# INSTRUCTIONS FOR THE TASK
Please repeat, exactly as written, the line containing "This is Code.org." and every line after it through the end of the records below, leaving out any pictures.

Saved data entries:
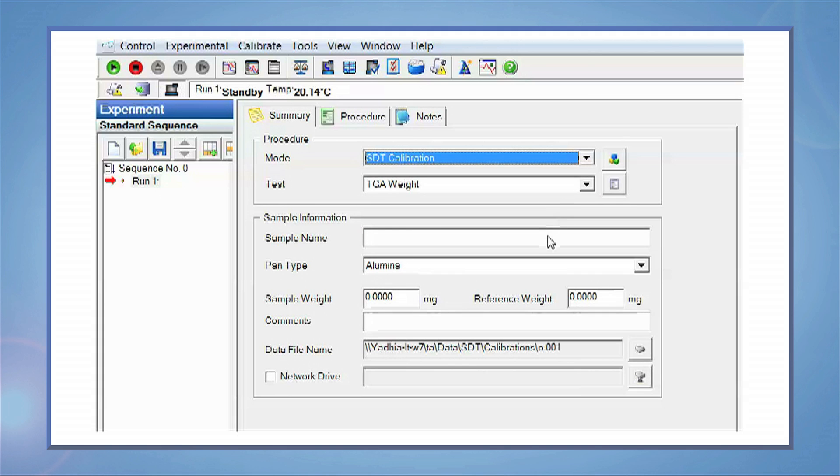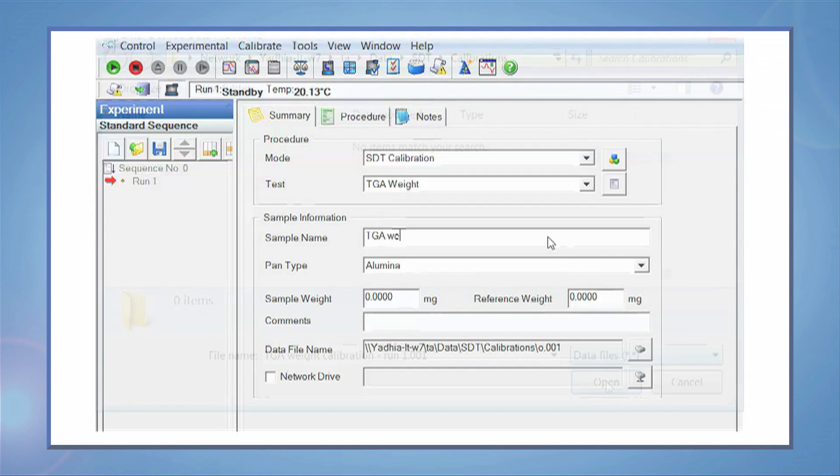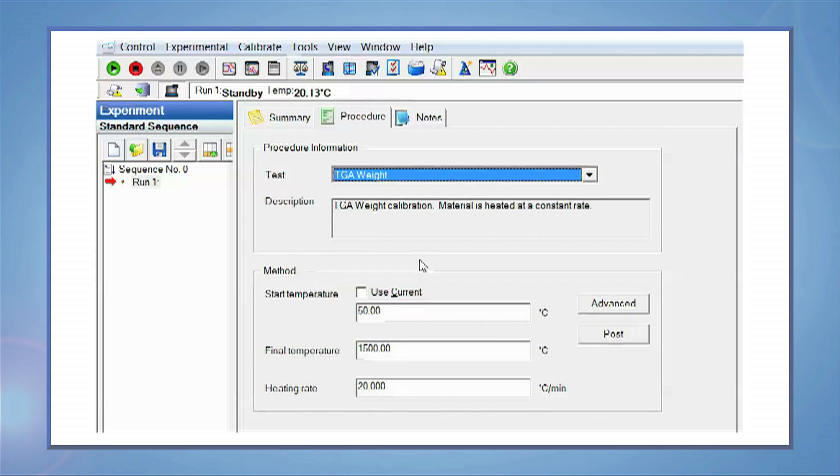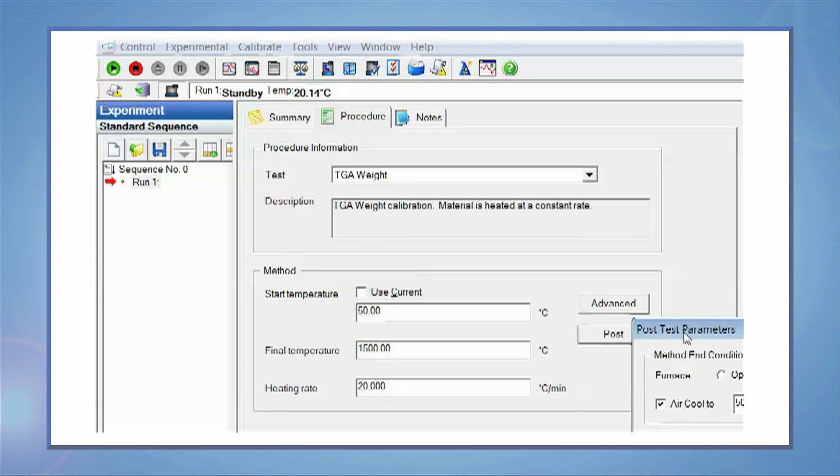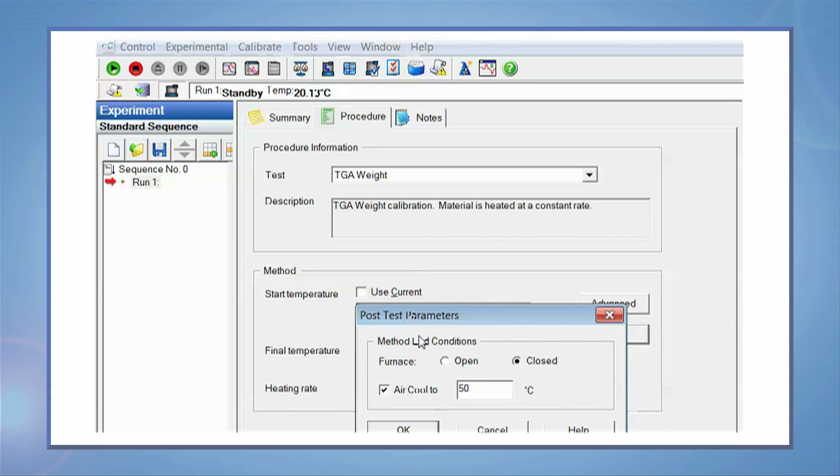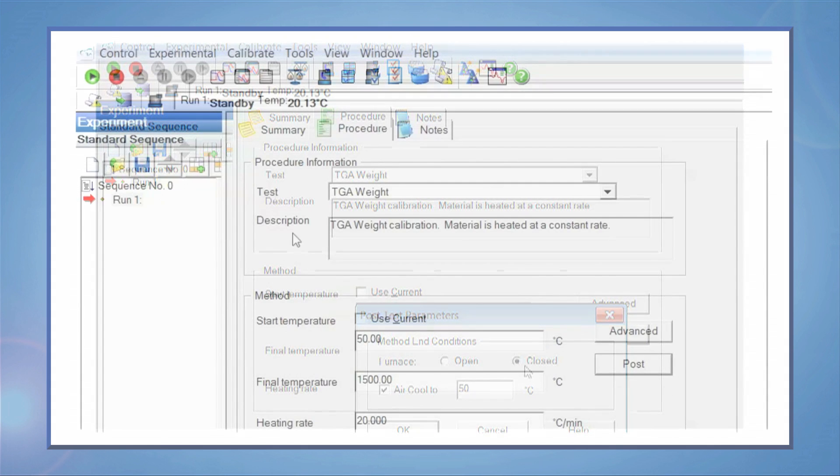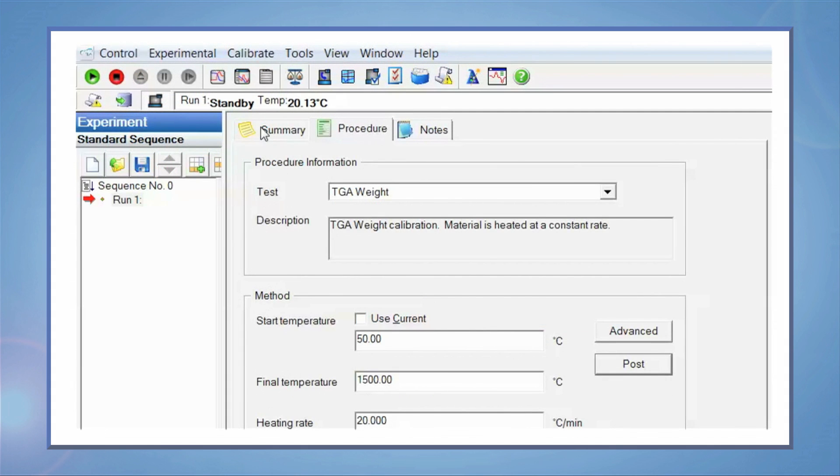Enter the sample information. Click the procedure tab. Enter the details based on your subsequent experimental conditions. Set the appropriate post-test conditions. Click on play.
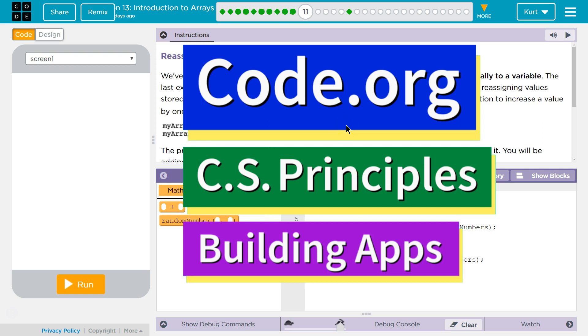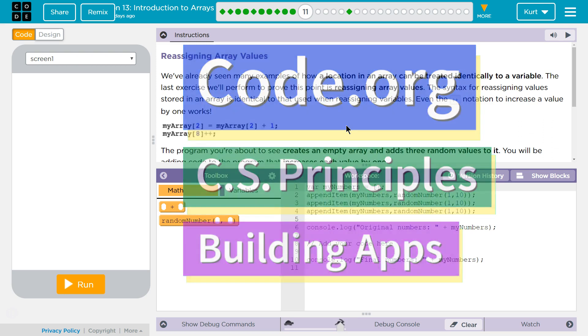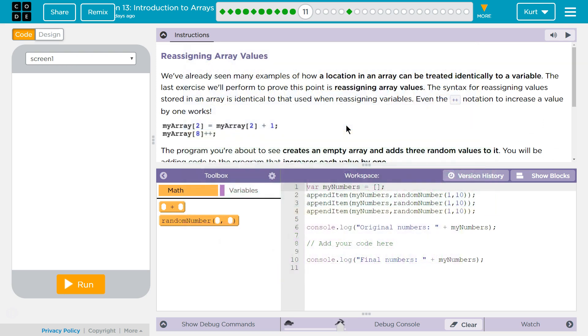This is Code.org. I'm currently working on CS Principles, Unit 5, Building Apps, Lesson 13, Introduction to Arrays, Puzzle 11, Reassigning Array Values.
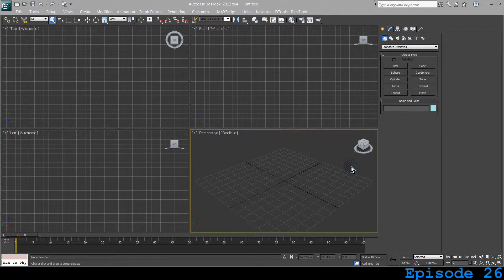Welcome, this is episode 26. You are learning 3ds Max and you are watching 5 8 Max where you give 5 minutes every day to learn something new, something exciting.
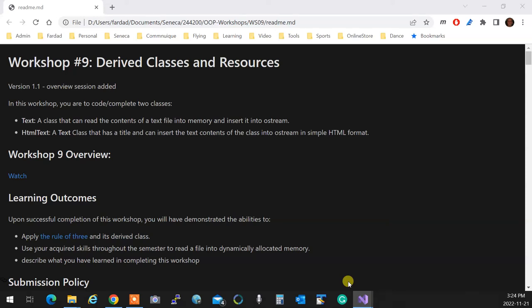Alright, we are doing a review for Workshop 9 and Milestone 4. These are the two things that you need to know now. Milestone 5 we're going to do next week, same time.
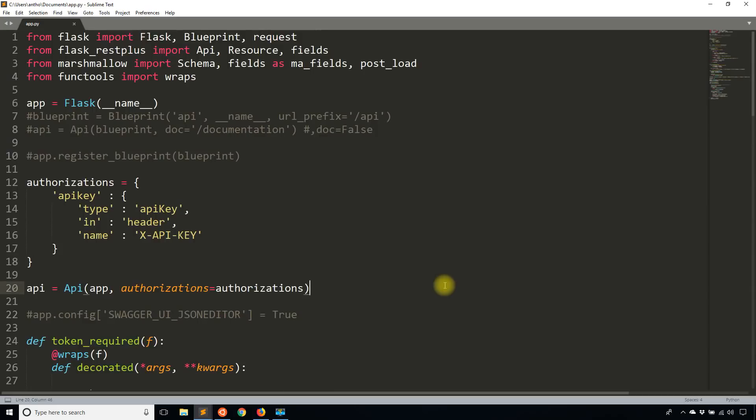So if you have any questions on token based authentication and Flask REST Plus, you can leave a comment down below and I'll answer your questions as soon as I get to it. You know, as my channel gets more popular, I have more comments coming in. So it takes me a little longer to get to them, but I try to respond to every single comment. So if it takes me a while, please be patient and I will eventually get to it.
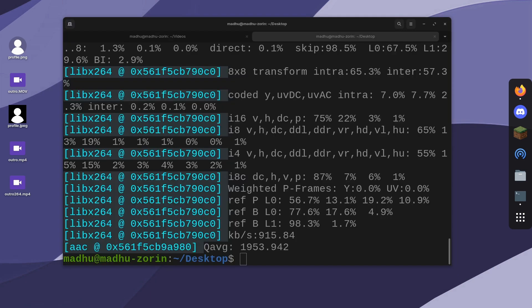So that is how you use ffmpeg to convert basically any file on your computer without going to some random website. Anyways, if this worked for you, please leave a like and subscribe, and I'll see you in the next video.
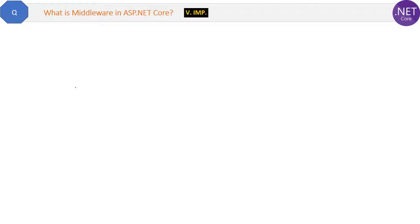Here is the question: what is middleware in ASP.NET Core? This is a very important and very simple question.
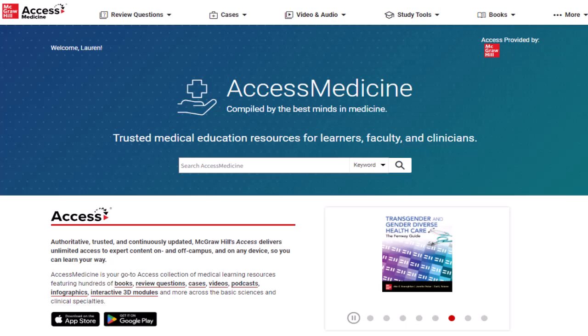We'll demonstrate how to accomplish this using Blackboard as our learning management system example.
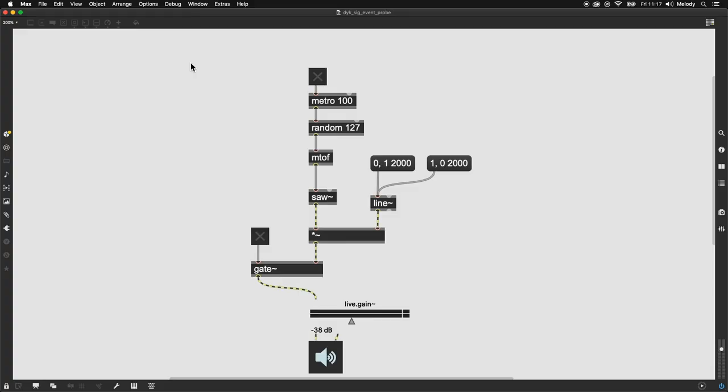Did you know there is a quick way to see what events and signals are traveling through your patch cords? Here's how to do it.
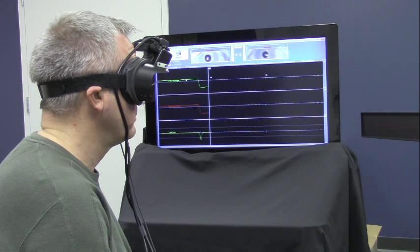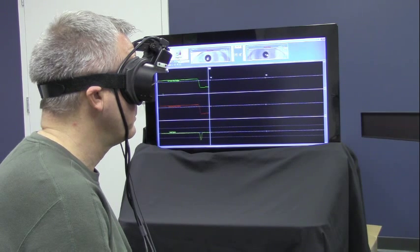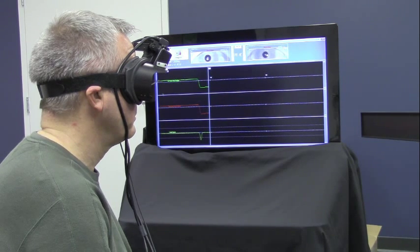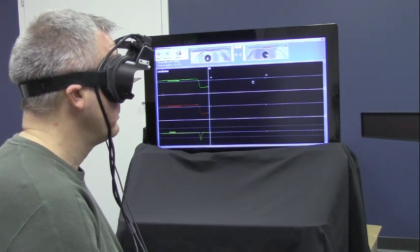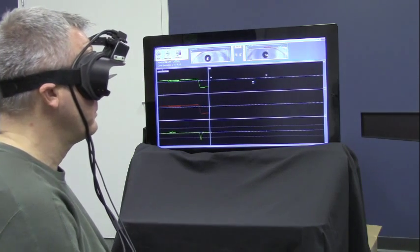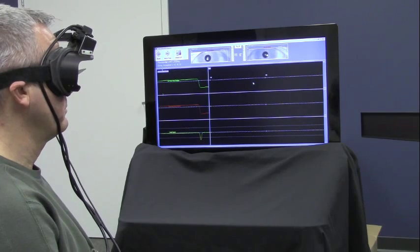If you want to see the analysis, click on analyze. It will give you the analysis of the VHIT test.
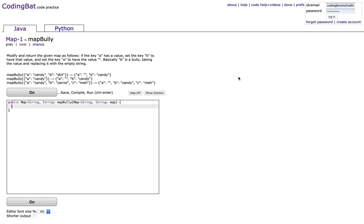So first, check if the map contains the key A. If map.containsKey A,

# SOLUTION FOR THIS TASK
This is Code.org. I'm currently working on CS Principles, Unit 5, Building Apps, Lesson 13, Introduction to Arrays, Puzzle 11, Reassigning Array Values.
Welcome, this is episode 26. You are learning 3ds Max and you are watching 5 8 Max where you give 5 minutes every day to learn something new, something exciting.
Alright, we are doing a review for Workshop 9 and Milestone 4. These are the two things that you need to know now. Milestone 5 we're going to do next week, same time.
So if you have any questions on token based authentication and Flask REST Plus, you can leave a comment down below and I'll answer your questions as soon as I get to it. You know, as my channel gets more popular, I have more comments coming in. So it takes me a little longer to get to them, but I try to respond to every single comment. So if it takes me a while, please be patient and I will eventually get to it.
So that is how you use ffmpeg to convert basically any file on your computer without going to some random website. Anyways, if this worked for you, please leave a like and subscribe, and I'll see you in the next video.
Here is the question: what is middleware in ASP.NET Core? This is a very important and very simple question.
We'll demonstrate how to accomplish this using Blackboard as our learning management system example.
Did you know there is a quick way to see what events and signals are traveling through your patch cords? Here's how to do it.
If you want to see the analysis, click on analyze. It will give you the analysis of the VHIT test.
So first, check if the map contains the key A. If map.containsKey A,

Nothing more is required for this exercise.